De facto, antes de o autor de Tristes Tropiques se debruçar sobre o tabu do incesto, um interdito que cose a natureza e a cultura e que funda a ordem simbólica co-extensiva à natureza humana, mas que, até hoje, nunca deixou de ser infringido ao longo dos séculos e das civilizações, Wagner, um génio musical e ao mesmo tempo, como normalmente os génios, uma personalidade em extremo complexa, cultivou na obra o tabu ancestral e manteve na vida relações que o terão estimulado a compor óperas que revolucionaram, pela música e pelo argumento, as convenções da época.

Mais do que analisar aqui sumariamente o que Simonis sustenta no livro, a partir das três intuições fundamentais de Lévi-Strauss (Freud, Marx e a geologia) e das contribuições de L-S para a renovação da antropologia e do estruturalismo, de que é uma das figuras centrais, prefiro dedicar algumas linhas a Wagner e à Tetralogia.

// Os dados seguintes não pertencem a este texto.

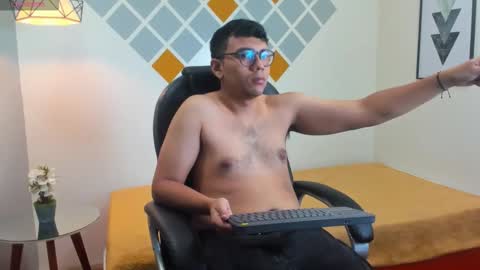 Mou Fly online show from 10/08/25, 11:41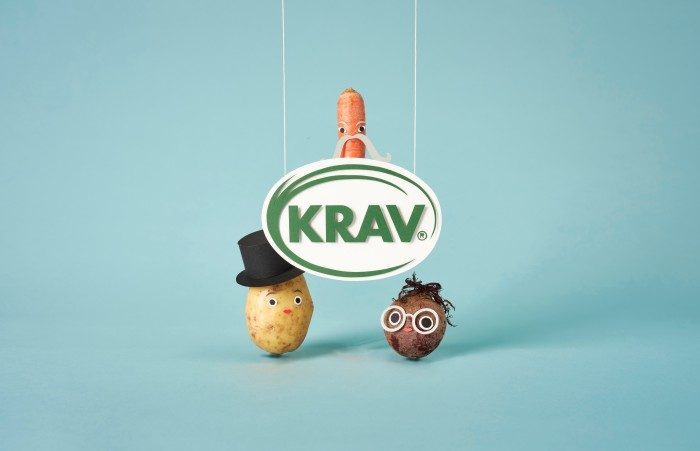 KRAV lyfter frukt och grönt med humor KRAV lyfter frukt och grönt med humor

Começando por Wagner, e saltando sobre a sua agitada vida política e muitas das suas ambiguidades (Hitler tributava-lhe um culto tão profundo que transformou Bayreuth num dos"santuários" do nazismo), o compositor envolveu-se sentimentalmente com várias pessoas, sucessiva e simultaneamente, desde Wilhelmine Planer (Minna), com quem casou, que o abandonou mas que acabou por regressar até à separação final, a Mathilde Wesendonck(com o apoio do marido desta, Otto), ao rei Ludwig II da Baviera e, por fim, a Cosima Liszt, filha do compositor Franz Liszt e mulher do grande amigo de Wagner, o famoso maestro Hans von Bülow, segundo director da Orquestra Filarmónica de Berlim e que dirigiu a estreia do Tristan und Isolde e de Die Meistersinger von Nürnberg. Cosima acabaria por se divorciar de von Bülow - aliás as duas últimas filhas do casal já eram filhas de Wagner - para casar com este. No entanto, o grande maestro nunca se zangou com Wagner de quem permaneceu amigo e discípulo, continuando a dirigir as suas óperas. Um percurso realmente sinuoso e apenas falámos das personagens principais da vida de Wagner. Claro que houve as secundárias.



Die Walküre, de Richard Wagner. Gwineth Jones em 'Brünnhilde' e Peter Hofmann em 'Siegmund'. Festival de Bayreuth, 1981. Direcção musical de Pierre Boulez. Encenação de Patrice Chéreau

No que respeita à Tetralogia, Wagner exalta aqui o incesto. Siegmund e Sieglinde, filhos de Wotan (o pai dos deuses da mitologia germânica), são irmãos e procriam Siegfried. Brünnhilde, uma das valquírias, também é filha de Wotan, e mantém uma relação sexual com Siegfried. E não deixou, pelo menos em teoria, de ser sensível aos encantos de seu irmão Siegmund. A vida do casal  Wotan/Fricka é também tempestuosa devido às infidelidades do marido.

Em Tristan und Isolde, que não vem agora à colação, os amores também são complicados, tal como no Lohengrin. Aliás, as óperas de Wagner retratam de alguma forma a vida sentimental agitada do compositor, e também a sua complicada vida social.

Um dia, com mais tempo e espaço, voltarei ao assunto.